Fastest python draughts library with advanced WEB UI, move generation and validation, PDN and FEN parsing and writing and advenced engine + benchmarking. Supports multiple variants of game.
Project description
py-draughts
Fast, modern draughts library with move generation, validation, PDN support, and AI engines. HUB protocol for external engines communication
[!IMPORTANT]
Best optimized draughts library utilizing bitboards for ~200x faster move generation than alternatives.
Features: multiple variants • Built-in AI engine • (HUB protocol) External engine support (Scan, Kingsrow) • RL/ML ready • Web UI
Installation
pip install py-draughts
Core
>>> import draughts
>>> board = draughts.Board()
>>> board.legal_moves
[Move: 31->27, Move: 31->26, Move: 32->28, ...]
>>> board.push_uci("31-27")
>>> board.push_uci("18-22")
>>> board.push_uci("27x18")
>>> board.push_uci("12x23")
>>> board
. b . b . b . b . b
b . b . b . b . b .
. b . b . . . b . b
. . . . b . b . b .
. . . b . . . . . .
. . . . . . . . . .
. w . w . w . w . w
w . w . w . w . w .
. w . w . w . w . w
w . w . w . w . w .
>>> board.pop() # Unmake the last move
Move: 12->23
>>> board.turn
Color.WHITE
Make and unmake moves
>>> board.push_uci("32-28") # Make a move
>>> board.pop() # Unmake the last move
Move: 32->28
Show ASCII board
>>> board = draughts.Board()
>>> print(board)
. b . b . b . b . b . 1 . 2 . 3 . 4 . 5
b . b . b . b . b . 6 . 7 . 8 . 9 . 10 .
. b . b . b . b . b . 11 . 12 . 13 . 14 . 15
b . b . b . b . b . 16 . 17 . 18 . 19 . 20 .
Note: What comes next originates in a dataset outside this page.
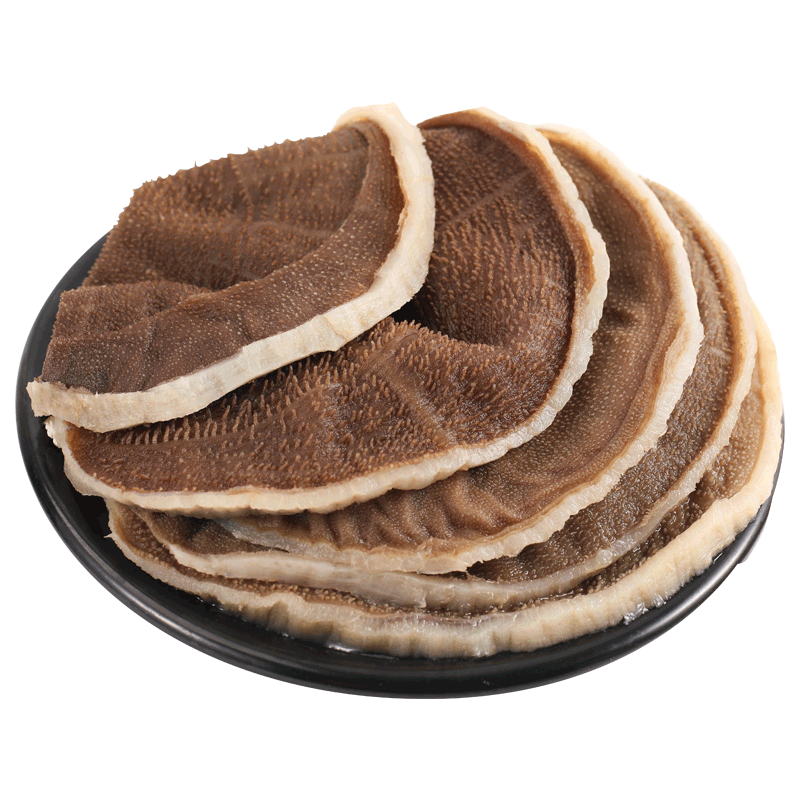 百里炙 毛肚大叶片2斤装 冷藏川渝火锅食材大叶毛肚千层麻辣烫 源头直发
. . . . . . . . . . . 21 . 22 . 23 . 24 . 25
. . . . . . . . . . 26 . 27 . 28 . 29 . 30 .
. w . w . w . w . w . 31 . 32 . 33 . 34 . 35
w . w . w . w . w . 36 . 37 . 38 . 39 . 40 .
. w . w . w . w . w . 41 . 42 . 43 . 44 . 45
w . w . w . w . w . 46 . 47 . 48 . 49 . 50 .
Detects draws and game end
>>> board.is_draw
False
>>> board.is_threefold_repetition
False
>>> board.game_over
False
>>> board.result
'-'
FEN parsing and writing
>>> board.fen
'[FEN "W:W:W31,32,33,...:B1,2,3,..."]'
>>> board = draughts.Board.from_fen("W:WK10,K20:BK35,K45")
>>> board
. . . . . . . B . .
. . . . . . . . . .
. . . . . . . . . .
. . . . . . . . . .
. . . . . . . . . .
. . . . . . . . . .
. . . . W . . . . .
. . . . . . . . . .
. . . . W . . . . .
B . . . . . . . . .
PDN parsing and writing
>>> board = draughts.Board()
>>> board.push_uci("32-28")
>>> board.push_uci("18-23")
>>> board.pdn
'[GameType "20"]
[Variant "Standard (international) checkers"]
[Result "-"]
1. 32-28 18-23'
>>> board = draughts.Board.from_pdn('[GameType "20"]\n1. 32-28 19-23 2. 28x19 14x23')
Variants
| Variant | Class | Board | Flying Kings | Max Capture |
|---|---|---|---|---|
| Standard | StandardBoard |
10×10 | Yes | Required |
| American | AmericanBoard |
8×8 | No | Not required |
| Frisian | FrisianBoard |
10×10 | Yes | Required |
| Russian | RussianBoard |
8×8 | Yes | Not required |
>>> from draughts import StandardBoard, AmericanBoard, FrisianBoard, RussianBoard
>>> board = AmericanBoard()
>>> board
. b . b . b . b
b . b . b . b .
. b . b . b . b
. . . . . . . .
. . . . . . . .
w . w . w . w .
. w . w . w . w
w . w . w . w .
SVG Rendering
>>> import draughts
>>> board = draughts.Board()
>>> draughts.svg.board(board, size=400) # Returns SVG string
>>> board = draughts.Board.from_fen("W:WK10,K20:BK35,K45")
>>> draughts.svg.board(board, size=400)
Engine
Built-in alpha-beta engine with transposition tables and iterative deepening:
>>> from draughts import Board, AlphaBetaEngine
>>> board = Board()
>>> engine = AlphaBetaEngine(depth_limit=5)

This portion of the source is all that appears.